Beginning with the line containing "GymBeam GymBeam Echter" and ending with the line containing "Non-Stick Cooling Cat & Dog Bed Ice Pad", write out each line of the records below exactly; pictures and lines outside that range are left out.

-- GIVEN RECORDS follows --

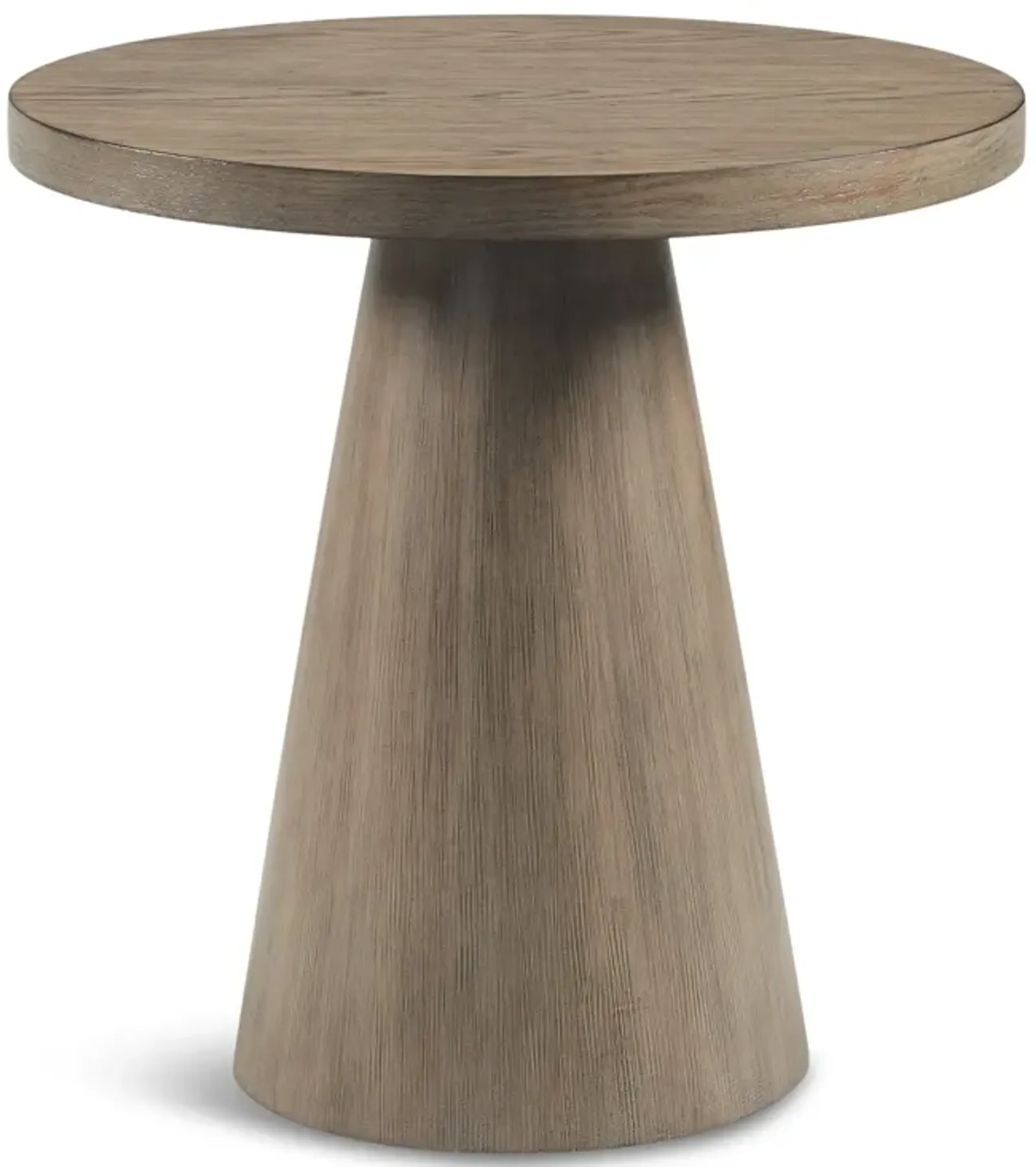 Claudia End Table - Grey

-- GIVEN RECORDS concluded --
-- GIVEN RECORDS follows --

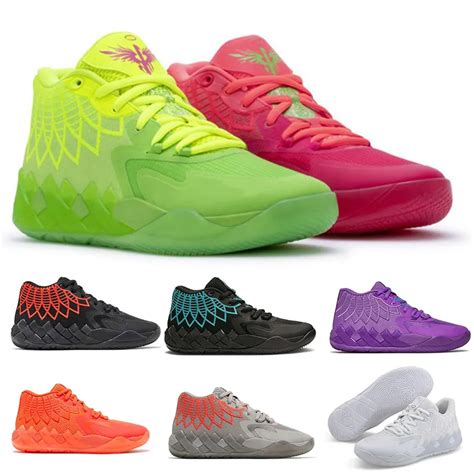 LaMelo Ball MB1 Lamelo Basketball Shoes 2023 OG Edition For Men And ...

-- GIVEN RECORDS concluded --
-- GIVEN RECORDS follows --

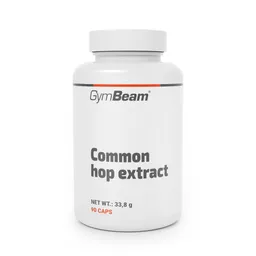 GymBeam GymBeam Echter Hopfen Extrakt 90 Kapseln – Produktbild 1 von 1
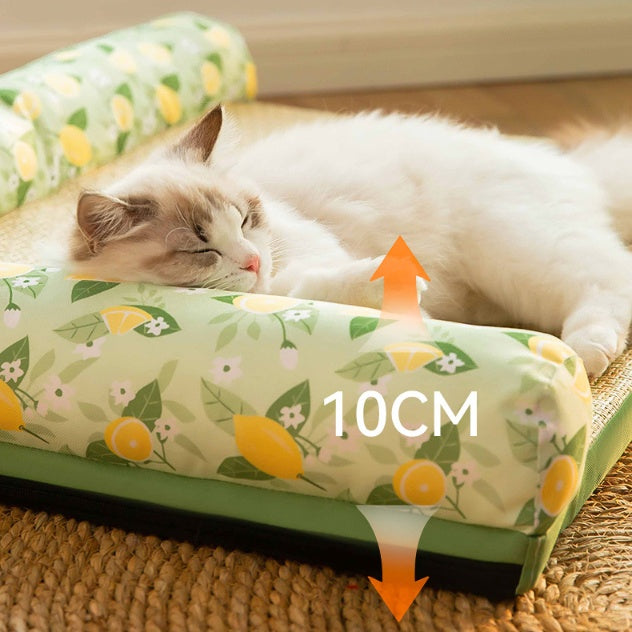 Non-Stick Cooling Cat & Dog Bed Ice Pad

-- GIVEN RECORDS concluded --

TASK RESPONSE
 GymBeam GymBeam Echter Hopfen Extrakt 90 Kapseln – Produktbild 1 von 1
 Non-Stick Cooling Cat & Dog Bed Ice Pad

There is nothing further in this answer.